WHAT IS NEEDED —
In full and unchanged, set down the entries that follow, with no images.

(Saved data entries)
•••••

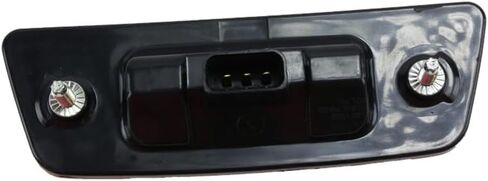 منتجات mytee تدور علامة إشارة تتوافق مع Kenworth T680 (2011-2024) ، Peterbilt 579 (2013-2024)-Amber LED LED Signal Lamped P54-6146 564.75085 PTRP546146 in Kuwait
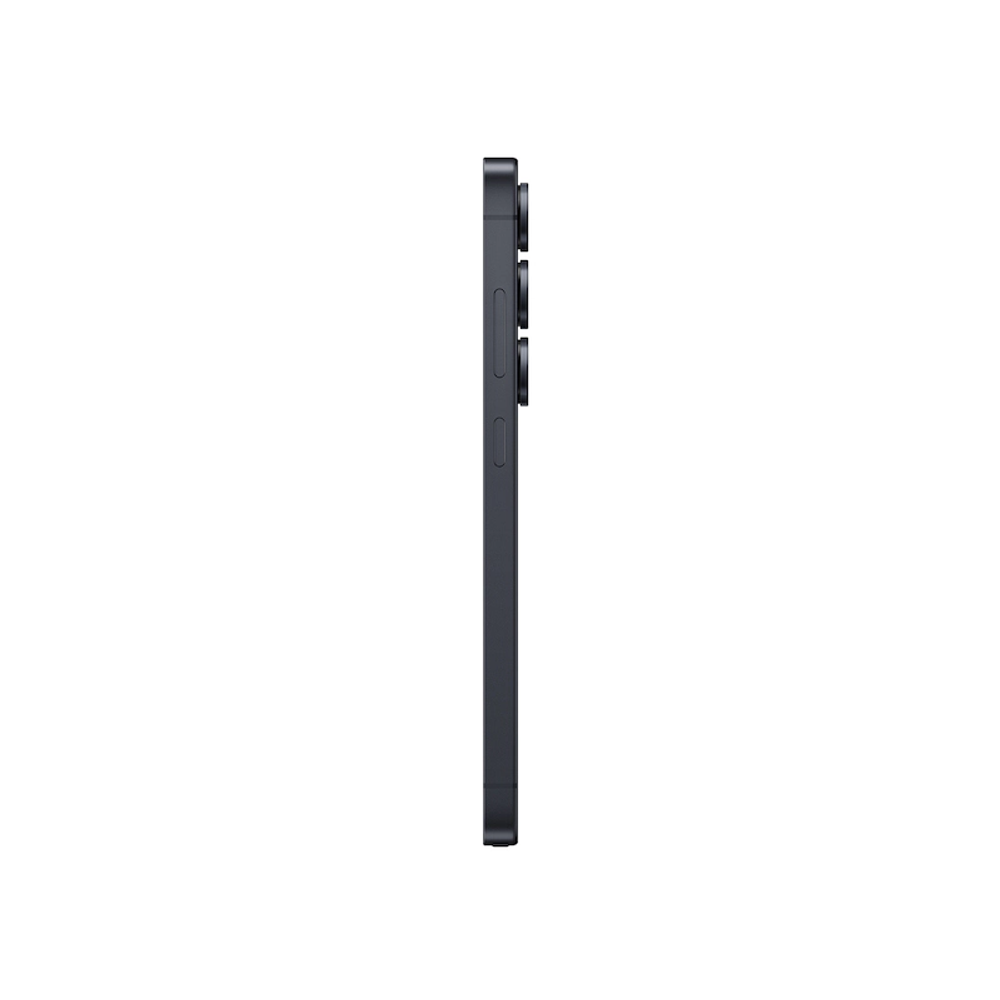 Samsung S25 ULTRA 12+512,BlackAndroid 15, OneUI 76,9" display,200/50/50/10 MP cam slika 6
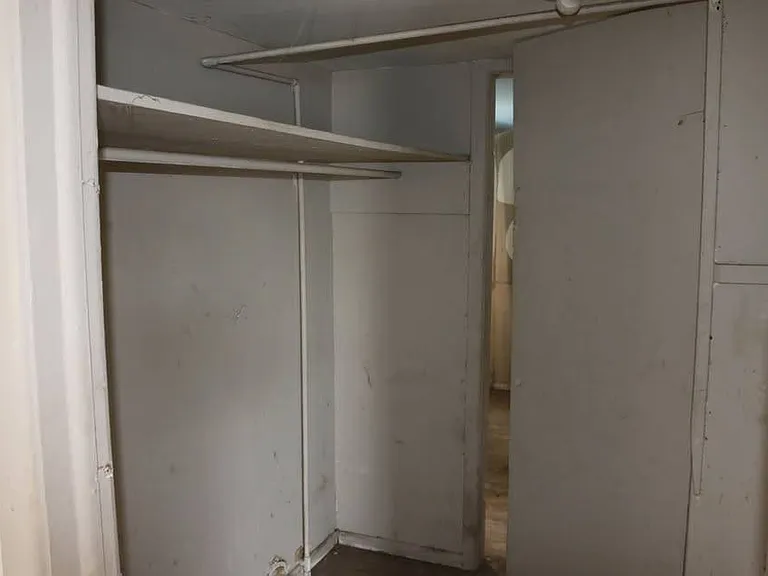 613 N Eye St #28 — Photo 6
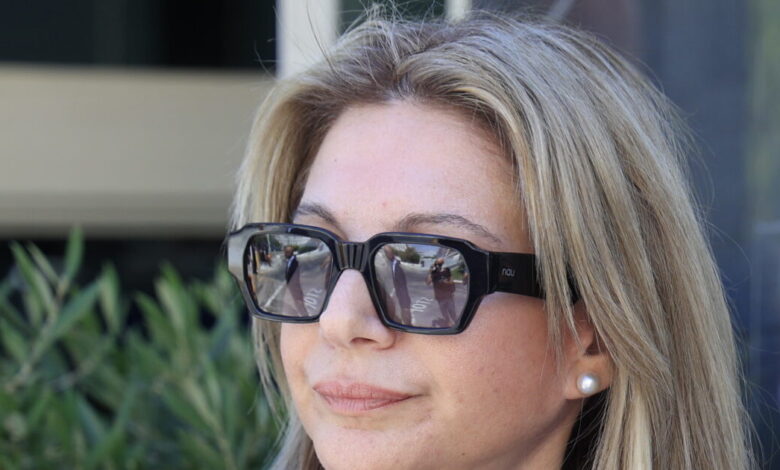 Μαρινάκης:-Στην-χώρα-δημιουργείται-ένα-«Κόμμα-Τυμβωρύχων»-–-Η-εξωτερική-πολιτική-δεν-ασκείται-με-μετάφραση-από-τα-Αραμαϊκά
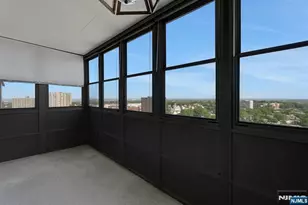 2000 Linwood Ave 15 H, Fort Lee, NJ 07024 - Photo 14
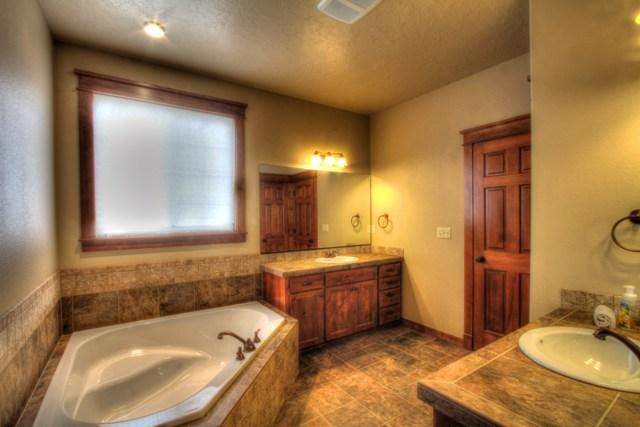 5118 S Pantops Ln - Photo 15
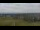 Webcam in Dobel, 24.6 km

•••••

RESULT OF THE EXERCISE —
 منتجات mytee تدور علامة إشارة تتوافق مع Kenworth T680 (2011-2024) ، Peterbilt 579 (2013-2024)-Amber LED LED Signal Lamped P54-6146 564.75085 PTRP546146 in Kuwait
 Samsung S25 ULTRA 12+512,BlackAndroid 15, OneUI 76,9" display,200/50/50/10 MP cam slika 6
 613 N Eye St #28 — Photo 6
 Μαρινάκης:-Στην-χώρα-δημιουργείται-ένα-«Κόμμα-Τυμβωρύχων»-–-Η-εξωτερική-πολιτική-δεν-ασκείται-με-μετάφραση-από-τα-Αραμαϊκά
 2000 Linwood Ave 15 H, Fort Lee, NJ 07024 - Photo 14
 5118 S Pantops Ln - Photo 15
 Webcam in Dobel, 24.6 km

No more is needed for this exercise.